Task details:
All the lines below should appear again unchanged, though their pictures should not.

Available data:
********

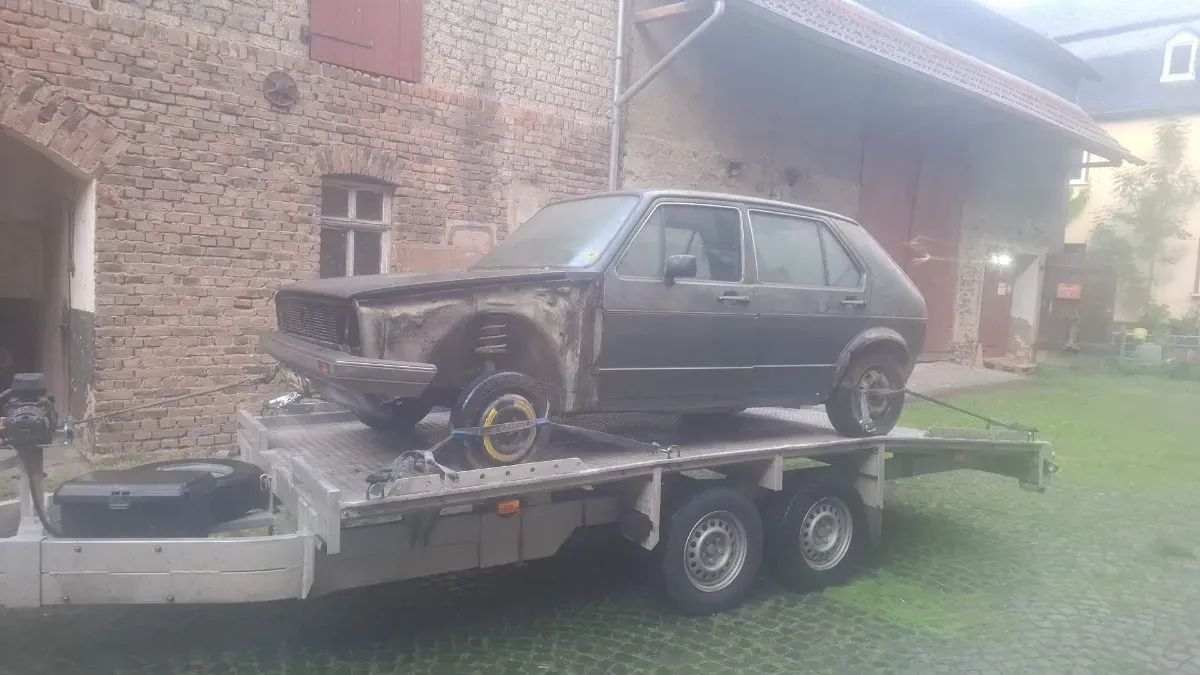 Volkswagen Golf 1980 photo 2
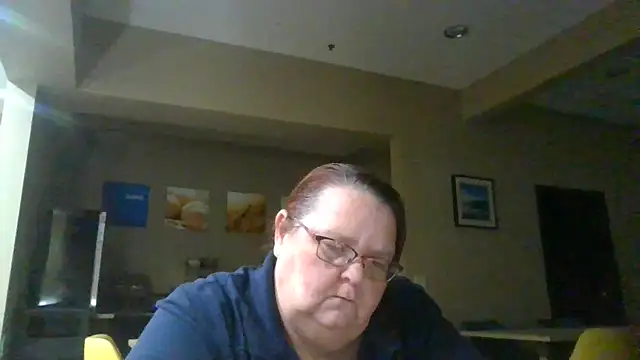 Snapshot of Hornybbw1978 chatting on 12-27-24, 07:08 Hornybbw1978 online show from 12-27-24, 07:08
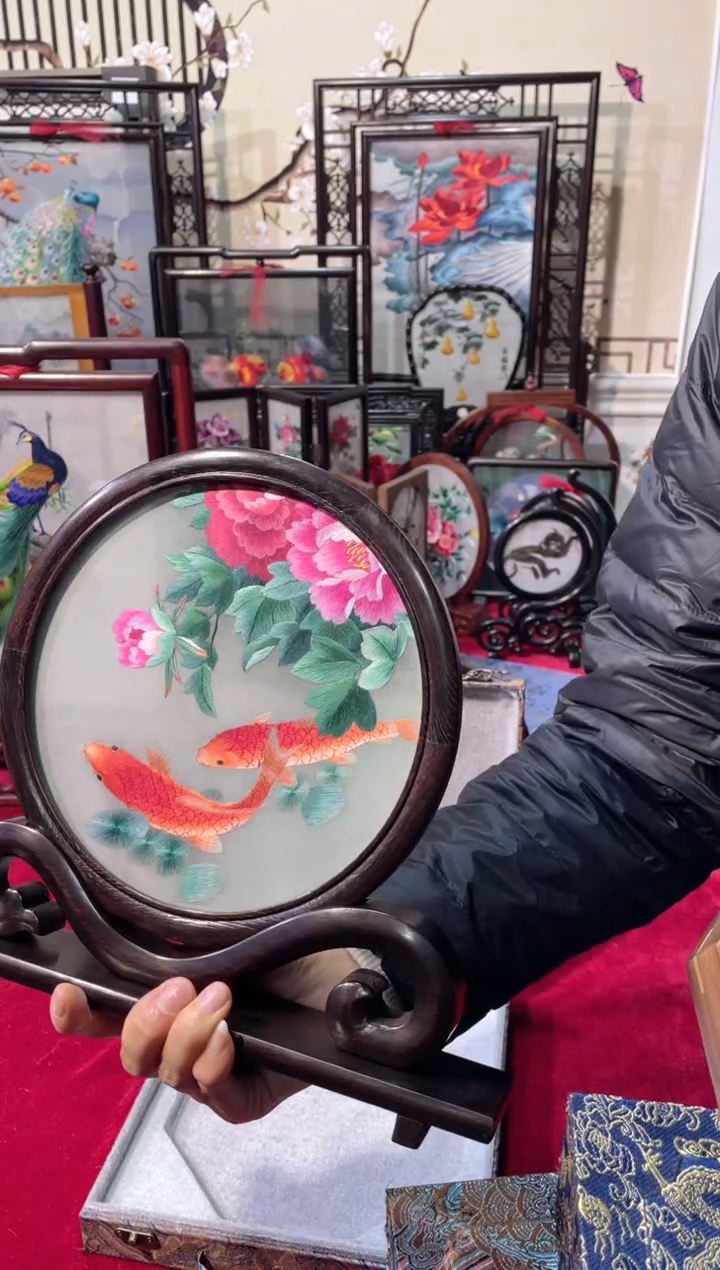 织绣精品苏绣摆台，纯实木框装裱，摆台25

********

Response:
 Volkswagen Golf 1980 photo 2
 Snapshot of Hornybbw1978 chatting on 12-27-24, 07:08 Hornybbw1978 online show from 12-27-24, 07:08
 织绣精品苏绣摆台，纯实木框装裱，摆台25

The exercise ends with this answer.